July 2024 Release Announcement (v27.0)

v27.0 was released on 7/2/2024.

Welcome to our July 2024 release notes! We have exciting updates to share to kick off the second half of the year!

Here are some of the key highlights:

Excited yet? Read on to learn more, or jump to a specific section using the table of contents below.

Table of Contents

📣 Key Announcements

❗Breaking Changes

✨ New Products and Features

🚀 Data Updates

🛠 Improvements and Bug Fixes


📣 Key Announcements

Schema Changes

LinkedIn Follower Count (Company Schema)

Field NameField TypeField Description
linkedin_follower_countInteger (>=0)The number of followers on a company’s LinkedIn profile

We are adding a new linkedin_follower_count field to our Company Data schema that tracks the number of followers on a company’s LinkedIn profile.

This field is available in our Premium and Comprehensive field bundles, and is immediately provided to current customers using those bundles. To get access to this field, please reach out to your Customer Success team.


❗Breaking Changes

❗ Deprecation of job_last_updated

Previous Announcements: v24 / October 2023, v25 / January 2024, v26.0 / April 2024, v26.1 / May 2024, v26.2 / June 2024

As part of our new resume timestamps that were released last quarter, the job_last_updated field is now fully deprecated and has been removed from our Person Schema in the v27.0 release. Customers previously using this field should leverage our new job_last_verified field which provides the same functionality.

Please see this easy-to-follow guide prepared by our Technical Services team for detailed instructions and best practices on this transition.

Breaking Changes Guide: Deprecation of job_last_updated

For further support, please reach out to your Customer Success and Technical Services team.

⚠️ Upcoming Breaking Changes

🚧

Upcoming Breaking Changes

These are upcoming breaking changes in future versions that may impact your current processes. We are announcing them here to provide ample time for you to adjust your processes accordingly.

⚠️ New Role and Sub Role Job Title Taxonomy

Change expected in: v29.1 / February 2025
Previous Announcements: v26.0 / April 2024

Products Impacted: Person / Company / IP Schema

Person Fields ImpactedCompany Fields ImpactedIP Fields Impacted
job_title_role
job_title_sub_role
experience.title.role
experience.title.sub_role
average_tenure_by_role
employee_count_by_month_by_role
employee_count_by_role
recent_exec_departures
recent_exec_hires
top_next_employers_by_role
top_previous_employers_by_role
person.job_title_role
person.job_title_sub_role

Over the next 2 quarters, we will be making significant changes to our Job Title Roles and Job Title Subroles enum values in order to improve our fill rates and categorization of job titles.
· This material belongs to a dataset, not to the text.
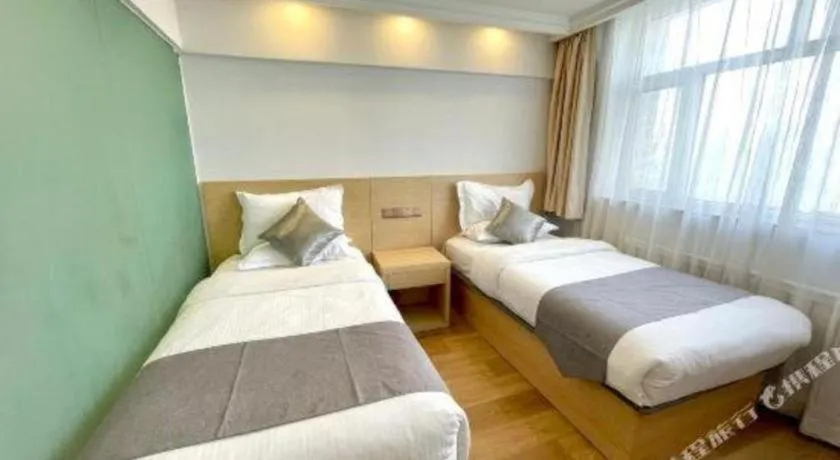 Bed in GreenTree Inn Urumqi South Xinhua Road Hotel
These changes will include a revamped taxonomy for role and subrole values containing additions, renamings, recategorizations, removals and other modifications to the current set of canonical role and subrole values. For the specific details on these changes see the Resources table at the end of this notice.

As indicated in the table above, this change will impact our Person, Company, and IP data fields. In particular, customers using the Company fields shown above (such as for visualization, modeling or other uses) will need to ensure that they update their code to handle the new / deleted / renamed role values. While this is a significant change for many of our customers, it is necessary to improve our data quality and to provide a better overall user experience.

Timeline

Given the scope of the changes, our goal is to provide clear visibility on the process and ample opportunity to work through this transition together. The projected timeline for this release is as follows:

  • V27.0 (July 2024) - Breaking Change Announcement and Resource Launch:
    • Public notice of our planned role / subrole transition and initial resources provided (see below)
  • V27.1 (August 2024) - Beta:
    • We will open up beta access to the new role / subrole taxonomy as well as a new data field title.class
    • Customers will be able to test sample data from our Technical Services team to explore the new taxonomy and the potential data impacts
    • We will release a guide documenting our recommended best practices for transitioning to the new taxonomy with the beta release as well
  • V28.0 (October 2024) - General Availability:
    • We will make the new role / subrole taxonomy generally available for all customers and begin the deprecation process for the previous taxonomy
    • Customers can opt in to accessing the new taxonomy via API and flat file deliveries (but will have the option to delay transitioning until their systems are updated)
  • V29.1 (February 2025) - Final Deprecation:
    • We will fully deprecate and officially end support for the previous taxonomy
    • All new and existing customers will be moved onto the new role / subrole taxonomy.

Resources

Please use the following resources to better understand the upcoming changes and to start preparing for the transition. As always, reach out to your Customer Success and Technical Services teams for questions and support.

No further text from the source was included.